You are viewing a plain text version of this content. The canonical link for it is here.
Posted to dev@tika.apache.org by Grant Ingersoll <gs...@apache.org> on 2008/11/24 23:47:44 UTC

Metadata Namespaces

What do people think of adding some type of namespace to the Metadata  
attributes (Dublin, CC, etc.).   I think this would allow us to  
discern where the metadata came from.  For instance, in Solr, see https://issues.apache.org/jira/browse/SOLR-284?focusedCommentId=12650353 
#action_12650353

I can see doing this a few different ways:

1. Allow the user to pass in a String that gets prefixed to all  
metadata names, with a constructor like:
  public Metadata(String namespace){
     metadata = new HashMap<String, String[]>();
     this.namespace = namespace;
   }

and then anytime a key is needed, the namespace string is potentially  
prepended

2. Prefix the "core" attributes with "tika."

3. Prefix each sub-attribute appropriately, such as "dc.format" for  
the DublinCore Format attribute.

4. Combine 2 and 3.  We could try something a bit more involved to  
have a way to formally define it like tika.dc.format, such that I  
could know that this attribute is core to Tika, from Dublin Core and  
is named Format.  Thus, say Solr adds in it's own parser that for  
whatever reason isn't contrib'ed back to Tika (just an example, I  
don't have anything in mind) I could create it's metadata attribs as  
solr.foo.bar or however I want to do it.

The default, I believe, should still be to have no namespace, i.e. the  
empty string namespace.

-Grant

RE: Metadata Namespaces

Posted by Uwe Schindler <uw...@thetaphi.de>.
How about javax.xml.namespace.QName as keys?

-----
Uwe Schindler
H.-H.-Meier-Allee 63, D-28213 Bremen
http://www.thetaphi.de
eMail: uwe@thetaphi.de

> From: Jukka Zitting [mailto:jukka.zitting@gmail.com]
> Sent: Wednesday, November 26, 2008 2:18 AM
> To: tika-dev@lucene.apache.org
> Subject: Re: Metadata Namespaces
> 
> Hi,
> 
> On Tue, Nov 25, 2008 at 4:12 PM, Grant Ingersoll <gs...@apache.org>
> wrote:
> > That sounds reasonable, except I'm weary of RDF and all the
> underpinnings
> > required, but if we are just using the URI stuff than maybe it won't be
> so
> > bad.  One of things I really like about Tika is it is lightweight.
> 
> Agreed.
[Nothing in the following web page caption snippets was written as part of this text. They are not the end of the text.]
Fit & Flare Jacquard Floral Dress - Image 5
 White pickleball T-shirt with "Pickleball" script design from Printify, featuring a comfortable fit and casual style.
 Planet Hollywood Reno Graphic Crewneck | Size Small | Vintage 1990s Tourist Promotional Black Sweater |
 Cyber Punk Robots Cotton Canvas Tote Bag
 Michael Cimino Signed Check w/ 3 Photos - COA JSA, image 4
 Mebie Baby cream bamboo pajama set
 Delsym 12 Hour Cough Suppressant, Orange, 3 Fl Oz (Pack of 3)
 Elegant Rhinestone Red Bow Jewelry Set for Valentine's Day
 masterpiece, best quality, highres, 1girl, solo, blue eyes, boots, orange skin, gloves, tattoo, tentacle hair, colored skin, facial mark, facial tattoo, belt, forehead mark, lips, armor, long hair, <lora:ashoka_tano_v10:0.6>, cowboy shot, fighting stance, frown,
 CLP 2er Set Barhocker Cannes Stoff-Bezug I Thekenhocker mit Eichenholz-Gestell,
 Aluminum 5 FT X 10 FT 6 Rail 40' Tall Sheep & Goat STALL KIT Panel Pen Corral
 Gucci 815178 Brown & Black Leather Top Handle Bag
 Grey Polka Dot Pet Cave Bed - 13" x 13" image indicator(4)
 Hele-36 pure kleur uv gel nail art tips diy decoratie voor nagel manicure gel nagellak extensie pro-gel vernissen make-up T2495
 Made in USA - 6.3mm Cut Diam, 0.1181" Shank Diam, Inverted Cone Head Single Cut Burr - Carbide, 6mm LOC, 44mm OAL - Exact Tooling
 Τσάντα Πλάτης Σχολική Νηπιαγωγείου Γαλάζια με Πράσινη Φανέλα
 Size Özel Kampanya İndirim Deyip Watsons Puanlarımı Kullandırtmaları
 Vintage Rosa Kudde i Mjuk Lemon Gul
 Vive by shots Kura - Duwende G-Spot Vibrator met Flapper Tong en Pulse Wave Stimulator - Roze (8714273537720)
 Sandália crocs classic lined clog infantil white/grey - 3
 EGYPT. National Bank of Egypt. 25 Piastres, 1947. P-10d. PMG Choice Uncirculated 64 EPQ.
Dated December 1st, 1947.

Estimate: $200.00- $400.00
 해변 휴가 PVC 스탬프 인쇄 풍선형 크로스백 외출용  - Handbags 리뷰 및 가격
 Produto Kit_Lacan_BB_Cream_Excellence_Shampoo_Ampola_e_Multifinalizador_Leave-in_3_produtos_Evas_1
In Tika I'd only use the namespace URIs as plain strings with
> no extra machinery around them.
> 
> Another alternative that I like is forget the idea of explicit
> namespaces and simply use URIs as the metadata keys. This would be
> perfectly in line with Dublin Core and would work reasonably well also
> with RDF clients. As an added benefit we could adopt this approach by
> simply modifying a few constants.
> 
> BR,
> 
> Jukka Zitting


Re: Metadata Namespaces

Posted by Jukka Zitting <ju...@gmail.com>.
Hi,

On Tue, Nov 25, 2008 at 4:12 PM, Grant Ingersoll <gs...@apache.org> wrote:
> That sounds reasonable, except I'm weary of RDF and all the underpinnings
> required, but if we are just using the URI stuff than maybe it won't be so
> bad.  One of things I really like about Tika is it is lightweight.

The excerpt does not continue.